Reduced Nav1.6 Sodium Channel Activity in Mice Increases In Vivo Sensitivity to Volatile Anesthetics.

Nav1.6 is a major voltage-gated sodium channel in the central and peripheral nervous systems. Within neurons, the channel protein is concentrated at the axon initial segment and nodes of Ranvier, where it functions in initiation and propagation of action potentials. We examined the role of Nav1.6 in general anesthesia using two mouse mutants with reduced activity of Nav1.6, Scn8amedJ/medJ and Scn8a9J/9J. The mice were exposed to the general anesthetics isoflurane and sevoflurane in step-wise increments; the concentration required to produce loss of righting reflex, a surrogate for anesthetic-induced unconsciousness in rodents, was determined.
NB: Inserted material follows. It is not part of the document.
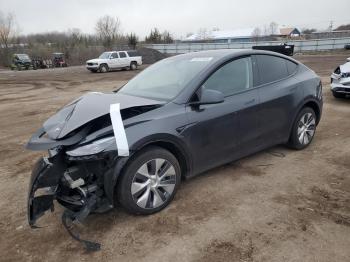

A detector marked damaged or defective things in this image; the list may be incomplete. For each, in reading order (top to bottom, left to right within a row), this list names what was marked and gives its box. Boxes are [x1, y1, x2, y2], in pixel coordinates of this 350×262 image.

exposed front end damage [330, 57, 350, 96]
crumpled hood [43, 92, 163, 139]
broken headlight [65, 136, 115, 157]
exposed front end damage [26, 91, 164, 251]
Mice homozygous for these mutations exhibited increased sensitivity to both isoflurane and sevoflurane. The increased sensitivity was observed during induction of unconsciousness but not during the recovery phase, suggesting that the effect is not attributable to compromised systemic physiology. Electroencephalographic theta power during baseline waking was lower in mutants, suggesting decreased arousal and reduced neuronal excitability. This is the first report linking reduced activity of a specific voltage-gated sodium channel to increased sensitivity to general anesthetics in vivo.